В ответ я дёрнул плечом, желая прогнать назойливую орлиную птицу, но земля вдруг ринулась прочь, вниз, в пропасть, а небо ударило в лицо синим полотнищем. Расплескивая пену облаков, я мчался в вышине вольным соколом, надзирая, как внизу стелятся реки и озера, холмы и долины, города с многоярусными крышами домов и зелёные поля, острые шпили храмов с крестами, судоходные каналы, обсаженные деревьями…
Я знал откуда-то: только захоти – и всё это станет моим.
Я стану всем, стану холмами и долинами, домами и людьми в них, стану сродни Еноху, который долгожитель, Сын Неба и пророк—рассуль Идрис:
и даже больше в сравнении с владыками иных держав.
Мне предлагали величие без границ и пределов.
Искренне.
Я зажмурился. Ну почему, и причём здесь я?!
Зачем я вам всем понадобился, простой бродяга, избравший долю искателя приключений?
Почему вы не даете мне умереть, отказывая в последнем утешении отчаявшихся?!
В те горькие минуты, когда душа моя, брала своего обладателя за глотку и гнала прочь от благополучия, заставляя бороться за справедливость мечами оскорбленных!
Да, иногда мне хотелось надеть венец «как все» и перестать быть скитальцем, ибо я втайне знал: такого не может произойти никогда…
И не потому, что венец мне заказан.
– Ми—ир—рра… – разочарованно проворковал ветер.
Я вновь стоял на земле, а Гамаюн—Хумай, Голубь—Мира религии Христа, спрыгнув с моего плеча, вразвалочку заковылял прочь.
Орлиная стая ждала вожака.
Хумай – птица, предвещающая счастье в иранской и арабской мифологии, а также в мифологии народов Средней Азии – волшебная птица—феникс, или вещая птица. Одновременно термин означал вид птиц, определяемых, как птиц—падальщиков – сипы или грифы.

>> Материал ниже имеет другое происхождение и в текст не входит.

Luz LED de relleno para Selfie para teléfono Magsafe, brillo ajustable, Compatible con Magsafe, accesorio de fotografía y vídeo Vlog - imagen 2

Считалось, что она делает царём человека, на которого бросает свою тень от крыльев. Имя «Хомаюн» в персидском языке означает: счастливый, августейший. Существовало поверье, что убивший птицу Хумай, умрёт в течение сорока дней.
Из-за цветущей мушмулы выскочил заяц.
Принюхался, вытягивая мордочку, и дробно рванул в лощину, где мне почудилась серая тень.
За ним вылетела добрая дюжина приятелей – длинноухих, с куцыми хвостами—пуговками; и зайцы скатились вниз по склонам, топча клевер—пятилистник, будто совершенно не нуждались в удаче.
Солнце полоснуло их семихвостой плетью, прежде чем зверьки успели скрыться от моего взгляда, и заячьи шкурки запылали в ответ шафраном, а на ушах блеснули серебром длинные кисточки.
Минутой позже в лощине раздался тоскливый волчий вой.
Он разрастался, ширился, тёк унынием, захлестывая окружающий меня Эдем. Истошному вою вторил барабанный перестук.
Невидимые для меня лапки колотили в невидимые стволы, полые изнутри. Барабаны деревьев гремели все громче, и вой звучал все громче, превращая день в ночь, а солнце – в луну, пока не оборвался на самой высокой ноте.
Я шагнул к спуску в лощину, плохо понимая, зачем это делаю – и споткнулся…
Степь раскинулась вокруг меня: степи, где пасутся стада белых баранов раскосых людей, и степи пустыни в оазисе, где смуглые народы в тюрбанах разводят отары черных баранов.